Note: This post was recovered from the Sh.org archive.Username: jd755Date: 2019-02-26 09:17:40Reaction Score: 3
Well having just gone through another image a few things are becoming clear.
Firstly the haze in all of them is simply a heat haze given the location and time of day and probability of the season, summer, the lack of tree cover all around, such hazes would be common.
Next there are people around. Very few it has to be said but noon being the hottest part of the day most people would likely be indoors away from the sun. Only supposition but it appears likely.
There is a progression of infrastructure visible which suggests to me a 'growing' town. Not only in the structures which seem to be using 'my house is bigger than your house' method of demonstrating 'success' but also the existence of empty lots and distant road laying and construction suggests it is expanding outwards.
The presence of gas works, piped gas, gas lighting internally and externally, piped pressurised water, hydrants and header tanks, downspouts (just found some in the latest picture examination) telegraph poles, large trees in the city (only a few but they are there), factories, commercial establishments, houses all mixed up together is suggestive of an ongoing wave of expansion.

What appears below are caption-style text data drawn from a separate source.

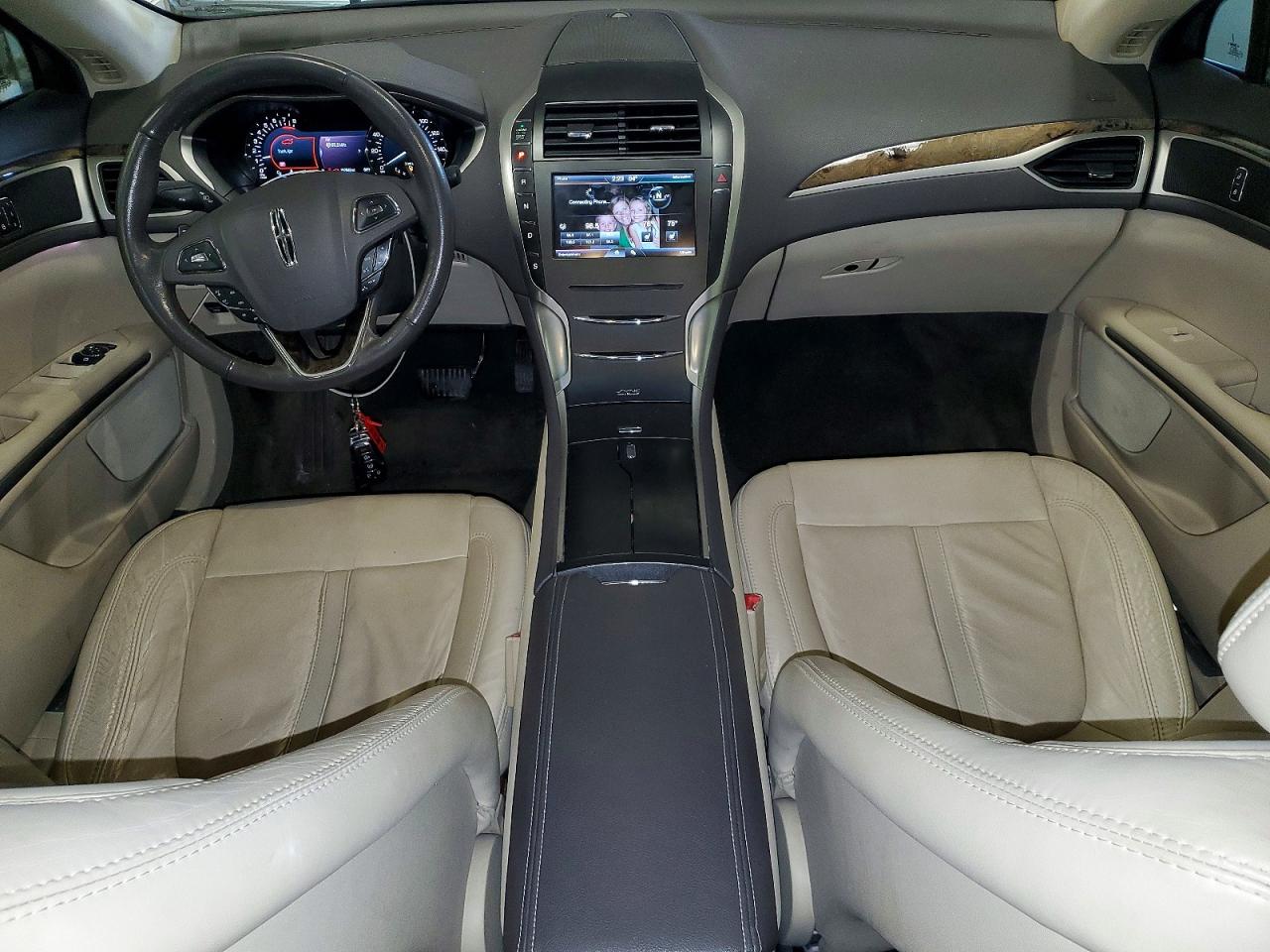 Lincoln MKZ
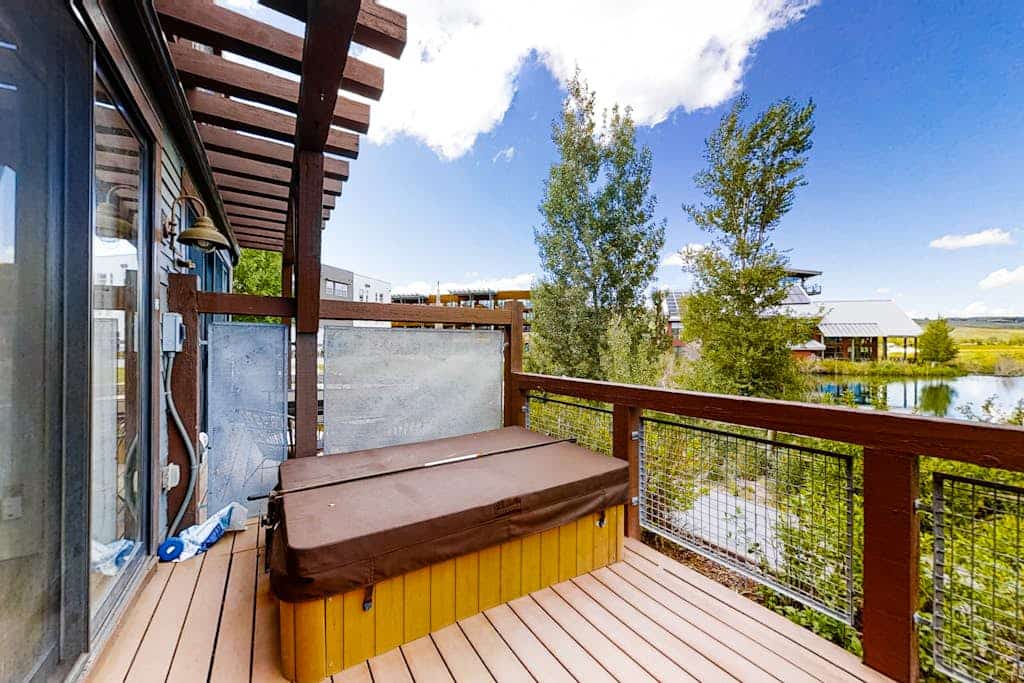 Newpark Townhomes 28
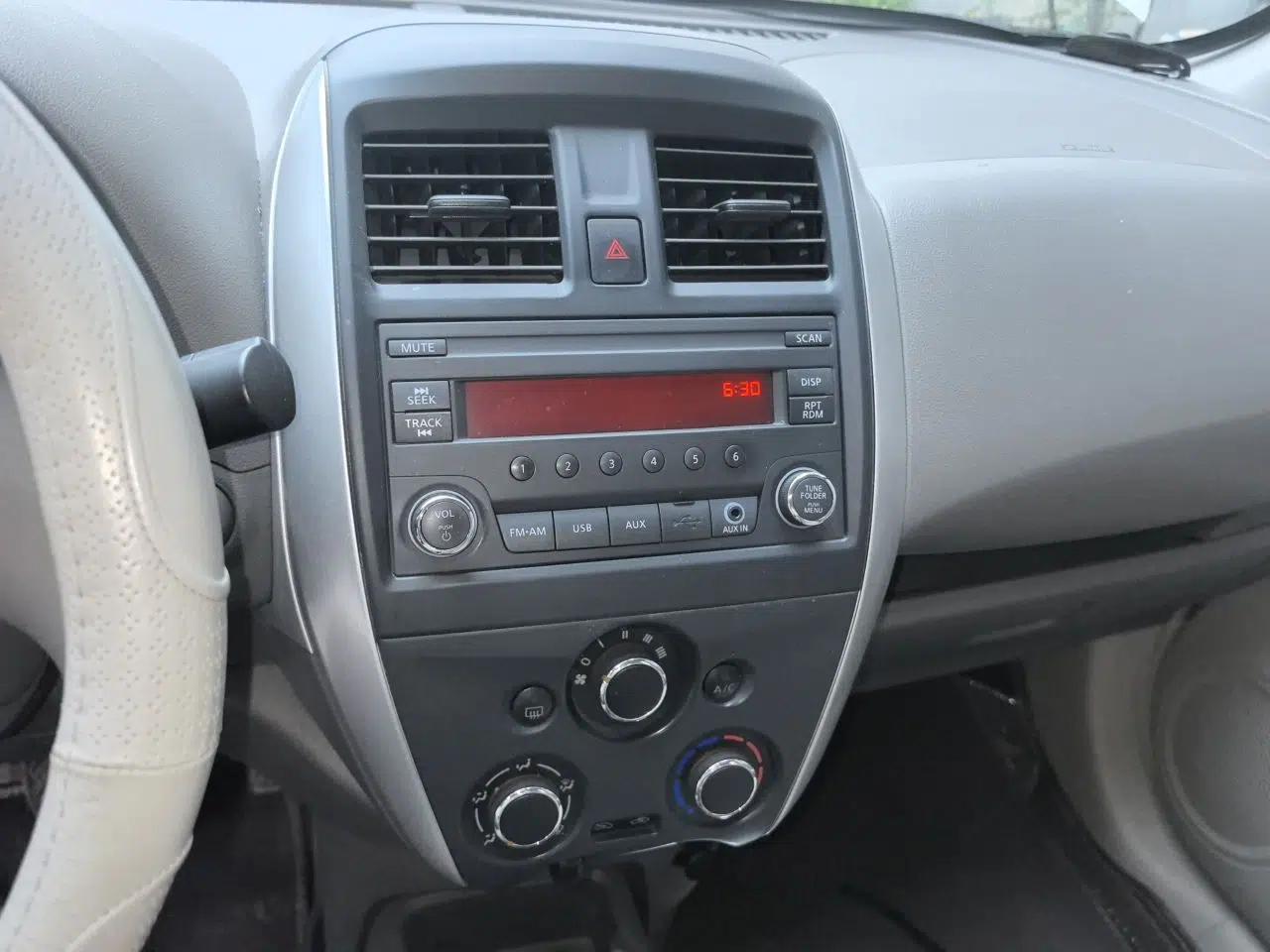 Nissan Sunny 2016 1.5XE CVT Leading Edition — миниатюра 10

The the outdoor toilet has yet to be discovered in the pictures but if i isn't there then sanitation is by chamber pot an night soil removal is my guess ergo they are beyond digging holes in the ground.
The volume of wood this place consumed is beyond belief. It makes up the majority of the infrastructure materials with stone and brick lagging way behind.
My feeling is it is a society that has come into being from nothing almost and has 'grown up a bit'. It isn't the 'wild west' we are looking at but more of a 'dynamic west'. One that hs gone beyond the 'early days' rawness of establishing a settlement and is becoming a citadel of capitalism to put it a certain way.
Churches abound of many religious persuasions and in common they seek financial wealth so it follows there must have been considerable financial wealth generated prior to this picture for the churches to get as big and as numerous as they are.
They are not universally built of stone. Some are fakers in that they have a stone facade and wooden walls, probably it isn't structural stonework but what we would call cladding, just my feeling I have found no evidence of the construction of churches in the images I have looked at.
Any 'goldrush' age buildings if they remain at all are hidden in the mess.
I have only found one building which is a wooden structure built on top of a brick/stone one (I favour brick the image is up the page aways).
It doesn't have the feel of permanency that many places do.
Thirty years I don't know possibly given the amount of wooden buildings there are and the way the 'industry' and 'residential' are mixed up.
Interestingly it is around this time the town where I am was rising up from nothing and it too was termed the 'wild west' due to its rapid expansion, if the history books are any guide!